II. Legal scholarship

The widespread enactment of state and local laws on business with South Africa in the 1980s stimulated a flurry of legal scholarship. Now Burma is starting to enter the scholarly stream. The scholars are divided. A leading constitutional law scholar, Professor Laurence Tribe of Harvard, opines that local laws on South Africa were not pre-empted by federal legislation on the topic, and were protected by the market participant doctrine. Tribe, American Constitutional Law 469, 480 n. 12 (2d ed. 1988).
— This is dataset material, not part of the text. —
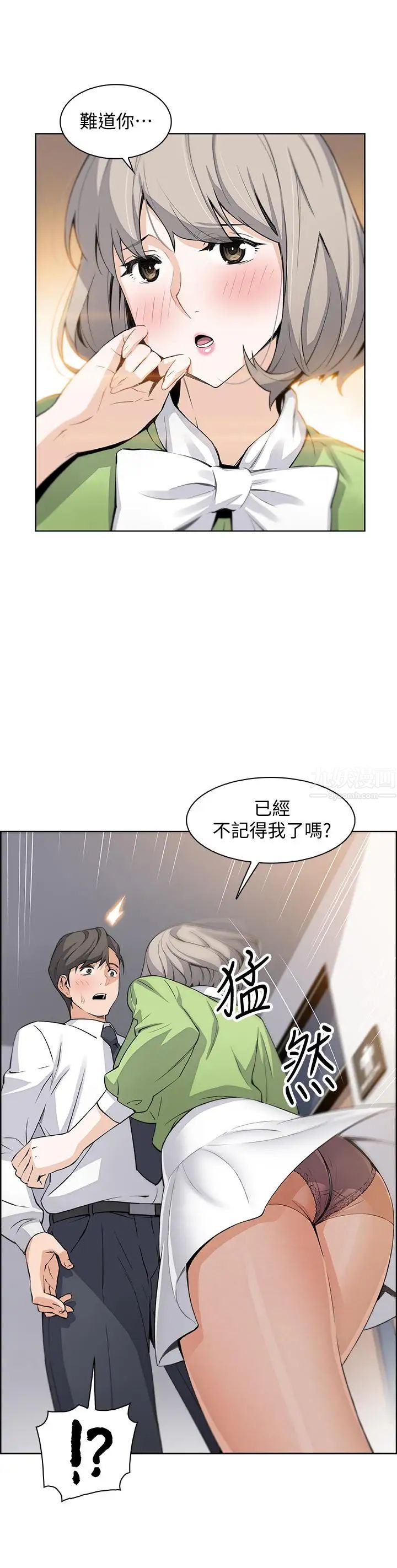前女友變女傭第14話-有超暴力身材的新人登場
For other scholarship supporting the constitutionality of such local laws, see Jubinsky, State and Municipal Governments React Against South African Apartheid: An Assessment of the Constitutionality of the Divestment Campaign, 54 U. Cincinnati Law Review 543 (1985); Lewis, Dealing With South Africa: The Constitutionality of State and Local Divestment Legislation, 61 Tulane Law Review 469 (1987); McArdle, In Defense of Sate and Local Government Anti-Apartheid Measures: Infusing Democratic Values Into Foreign Policymaking, 62 Temple Law Review 813 (1989); Berat, Undoing and Redoing Business in South Africa: The Lifting of the Comprehensive Anti-Apartheid Act of 1986 and the Continuing Validity of State and Local Anti-Apartheid Legislation , 6 Connecticut Journal of International Law 7 (1990).
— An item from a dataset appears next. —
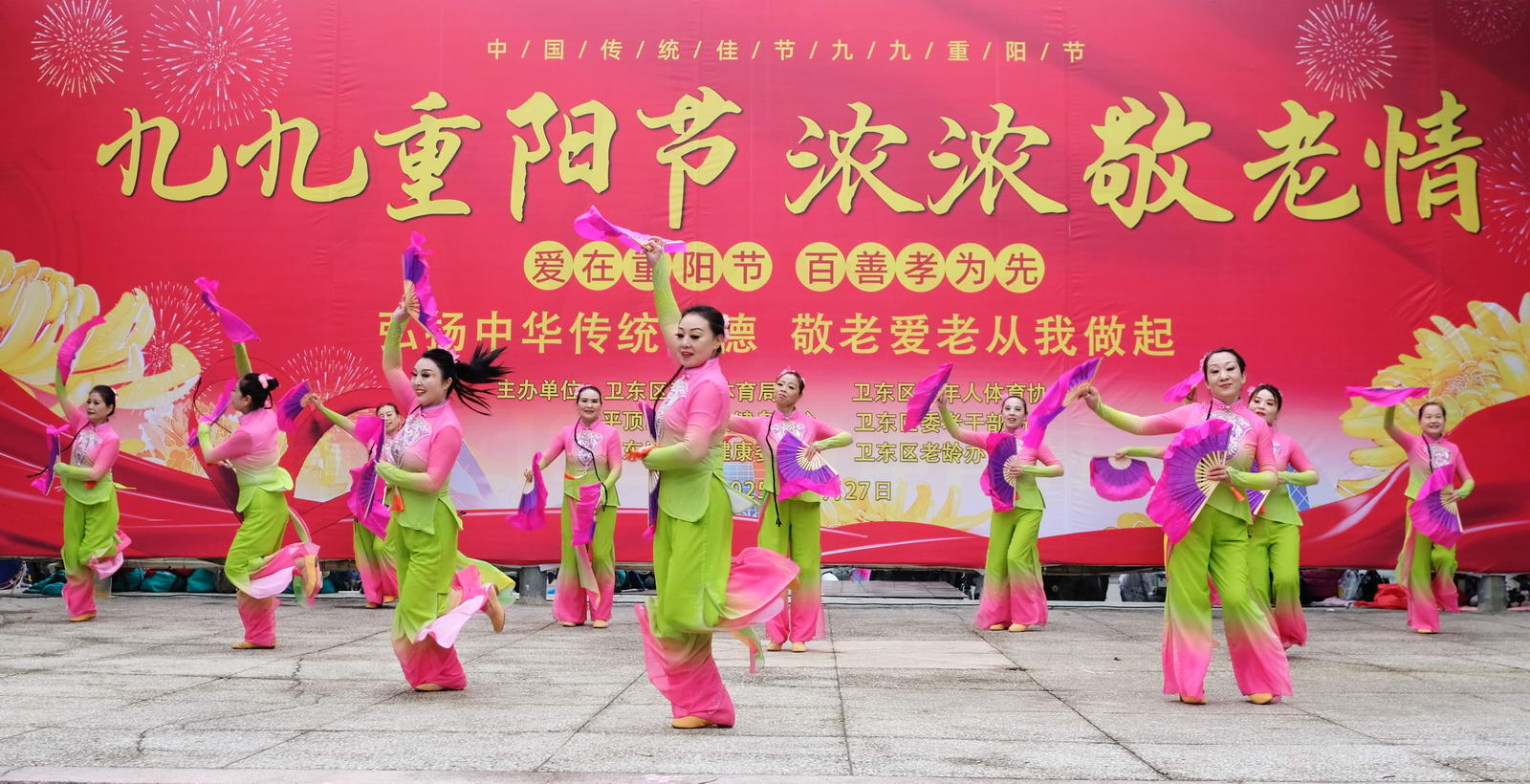 微信图片_20251027145433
For scholarship arguing that such laws are unconstitutional, see Note, The Constitutionality of State and Local Governments’ Response to Apartheid: Divestment Legislation, 13 Fordham Urban Law Journal 763 (1985); Spiro, State and Local Anti-South Africa Action As An Intrusion Upon The Federal Power In Foreign Affairs, 72 Virginia Law Review 813 (1986); Fenton, The Fallacy of Federalism in Foreign Affairs: State and Local Foreign Policy Trade Restrictions, 13 Northwestern Journal of International Law and Business 563 (1993); Schmahmann and Finch, The Unconstitutionality of State and Local Enactments in The United Sates Restricting Business Ties With Burma (Myanmar), 30 Vanderbilt Journal of Transnational Law 175 (1997).

III. Practice

In practice, state and local governments have been involved in foreign affairs at least since 1798 when the city of Boston raised $125,000 to build two battleships in preparation for a U.S. war with France. Most states and major cities promote a foreign policy of trade through an international trade or tourism office, some located overseas. Border states and communities have long had official agreements with Canada and Mexico regarding roads, electricity, water, autos, fire, police and other matters. In recent years, some 900 local governments enacted nuclear freeze resolutions, 140 passed laws on South Africa, hundreds formed sister-city relationships with communities abroad, and scores approved legislative actions relating to such issues as depletion of the global ozone layer, the Arab boycott of Israel, and war, peace and human rights in Nicaragua, El Salvador, Guatemala, China, the former Soviet Union, Northern Ireland, Poland, Sri Lanka, Libya and other nations.See Schuman, Dateline Main Street: Local Foreign Policies, 65 Foreign Policy 154 (1986-87); Schuman, Dateline Main Street: Courts v. Local Foreign Policies, 86 Foreign Policy 158 (1992).

IV. Conclusion

Given the ambiguity of Supreme Court doctrine, the disagreement among legal scholars, and the long-standing practice of local government involvement in foreign affairs, it appears unlikely that the courts would strike down local Burma laws as unconstitutional.